Un matin pas comme un autre

Un matin pas comme un autreC’est un matin comme un autre. Levé 6h41, quelques secondes pour émerger, puis aller me réchauffer 1/4 de pizza et me prendre un verre de jus de cerise avec mes médocs.
Je m’installe dans la pièce qui me sert de bureau, il y a trois ordis. Deux sont allumés, un est le serveur sur lequel vous lisez ceci, l’autre est mon ordinateur de bureau. J’allume l’écran de celui-ci et je consulte mes messageries et mon forum, tout en avalant mon bout de pizza, mon jus de cerise et mes deux Prozacs… Puis fumer deux clopes l’une après l’autre.

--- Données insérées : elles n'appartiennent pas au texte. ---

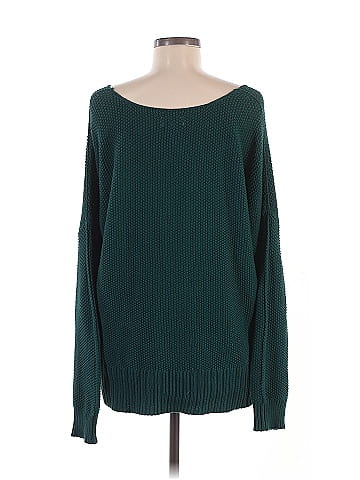 Lucky Brand Pullover Sweater (view 2)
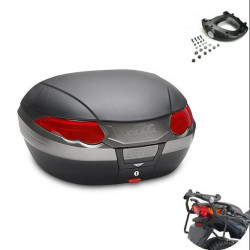 Honda CBF 1000 2006-2009, centralny, K56N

Ensuite, toilettes, puis douche, rien de bien inhabituel. Après m’être lavé les dents, je m’habille dans mon bureau tout en fumant encore une cigarette et en éteignant l’ordinateur de bureau. Il me reste à mettre mes chaussettes, mes pompes, prendre mon sac à dos, me couvrir de ma veste en jean et sortir de l’appart. Ascenseur, sous-sol, garage et je prends mon BMX de mes 15 ans, mon vélo qui me donne tellement plaisir de pédaler.
Comme d’habitude, toujours, cette putain de télécommande ne m’ouvre pas la porte des garages souterrains, je dois prendre l’escalier. Et comme d’habitude, la grille de la résidence ne fonctionne pas non plus. C’est tous les matins la même chose. La même chose.

Je me retrouve au carrefour si bruyant que parfois j’ai l’impression de devenir à moitié fou, et j’attends que le feu de l’avenue passe au rouge pour devancer ceux qui vont sortir des deux rues perpendiculaires. J’accélère vite, c’est mon jeu, et je suis très rapide sur de courtes distances, comme une lionne…
Deux cents mètres et je grille mon premier feu, grillées aussi les bagnoles qui arrivaient derrière moi. Traversée de carrefour, encore deux cents mètres, feu rouge, je monte sur le trottoir et je traverse sur le passage piéton.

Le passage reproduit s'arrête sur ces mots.